● **Task**: Return exactly those lines of the material below that fall between the line holding "Ormanda görünümü aracılığıyla" and the line holding "Since 1962, folks", inclusive.

● **Data shown**:
::::::
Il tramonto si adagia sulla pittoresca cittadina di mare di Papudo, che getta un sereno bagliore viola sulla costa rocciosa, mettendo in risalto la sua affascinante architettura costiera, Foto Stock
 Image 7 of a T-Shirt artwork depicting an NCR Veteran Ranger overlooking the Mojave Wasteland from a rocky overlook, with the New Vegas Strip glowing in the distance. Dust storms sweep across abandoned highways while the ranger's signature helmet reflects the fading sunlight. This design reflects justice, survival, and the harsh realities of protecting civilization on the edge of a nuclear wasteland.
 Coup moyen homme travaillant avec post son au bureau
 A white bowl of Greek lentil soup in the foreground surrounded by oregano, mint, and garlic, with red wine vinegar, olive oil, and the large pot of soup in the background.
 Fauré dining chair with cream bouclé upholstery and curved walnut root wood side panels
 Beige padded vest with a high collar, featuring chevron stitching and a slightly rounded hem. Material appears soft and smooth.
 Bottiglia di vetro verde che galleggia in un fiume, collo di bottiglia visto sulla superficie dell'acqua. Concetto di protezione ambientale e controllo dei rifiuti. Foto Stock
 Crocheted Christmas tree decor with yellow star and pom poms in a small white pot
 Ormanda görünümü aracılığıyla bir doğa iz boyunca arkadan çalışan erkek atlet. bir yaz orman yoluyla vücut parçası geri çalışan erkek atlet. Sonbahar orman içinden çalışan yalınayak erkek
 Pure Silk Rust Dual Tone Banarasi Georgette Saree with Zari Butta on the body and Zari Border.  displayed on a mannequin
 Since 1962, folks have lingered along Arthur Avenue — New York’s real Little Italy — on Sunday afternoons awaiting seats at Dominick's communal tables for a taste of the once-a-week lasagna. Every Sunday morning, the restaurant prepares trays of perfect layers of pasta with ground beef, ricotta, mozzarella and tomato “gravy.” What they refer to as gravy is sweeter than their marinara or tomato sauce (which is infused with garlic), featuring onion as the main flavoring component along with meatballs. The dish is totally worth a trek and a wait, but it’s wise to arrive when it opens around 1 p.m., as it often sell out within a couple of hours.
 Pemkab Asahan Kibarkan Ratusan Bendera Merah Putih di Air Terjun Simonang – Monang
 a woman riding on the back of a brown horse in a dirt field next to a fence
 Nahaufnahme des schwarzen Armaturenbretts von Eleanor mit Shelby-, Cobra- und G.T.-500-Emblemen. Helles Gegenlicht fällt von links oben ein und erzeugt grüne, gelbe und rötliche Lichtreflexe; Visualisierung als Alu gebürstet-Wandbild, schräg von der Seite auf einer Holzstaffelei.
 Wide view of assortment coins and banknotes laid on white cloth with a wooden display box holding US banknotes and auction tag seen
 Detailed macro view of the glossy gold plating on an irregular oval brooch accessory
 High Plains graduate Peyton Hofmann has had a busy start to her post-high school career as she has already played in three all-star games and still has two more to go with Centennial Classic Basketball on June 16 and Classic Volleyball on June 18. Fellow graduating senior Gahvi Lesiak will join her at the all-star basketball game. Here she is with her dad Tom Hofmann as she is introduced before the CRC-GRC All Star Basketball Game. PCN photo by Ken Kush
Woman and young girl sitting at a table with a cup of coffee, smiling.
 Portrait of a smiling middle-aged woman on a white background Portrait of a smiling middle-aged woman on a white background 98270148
::::::
● **Expected answer**:
 Ormanda görünümü aracılığıyla bir doğa iz boyunca arkadan çalışan erkek atlet. bir yaz orman yoluyla vücut parçası geri çalışan erkek atlet. Sonbahar orman içinden çalışan yalınayak erkek
 Pure Silk Rust Dual Tone Banarasi Georgette Saree with Zari Butta on the body and Zari Border.  displayed on a mannequin
 Since 1962, folks have lingered along Arthur Avenue — New York’s real Little Italy — on Sunday afternoons awaiting seats at Dominick's communal tables for a taste of the once-a-week lasagna. Every Sunday morning, the restaurant prepares trays of perfect layers of pasta with ground beef, ricotta, mozzarella and tomato “gravy.” What they refer to as gravy is sweeter than their marinara or tomato sauce (which is infused with garlic), featuring onion as the main flavoring component along with meatballs. The dish is totally worth a trek and a wait, but it’s wise to arrive when it opens around 1 p.m., as it often sell out within a couple of hours.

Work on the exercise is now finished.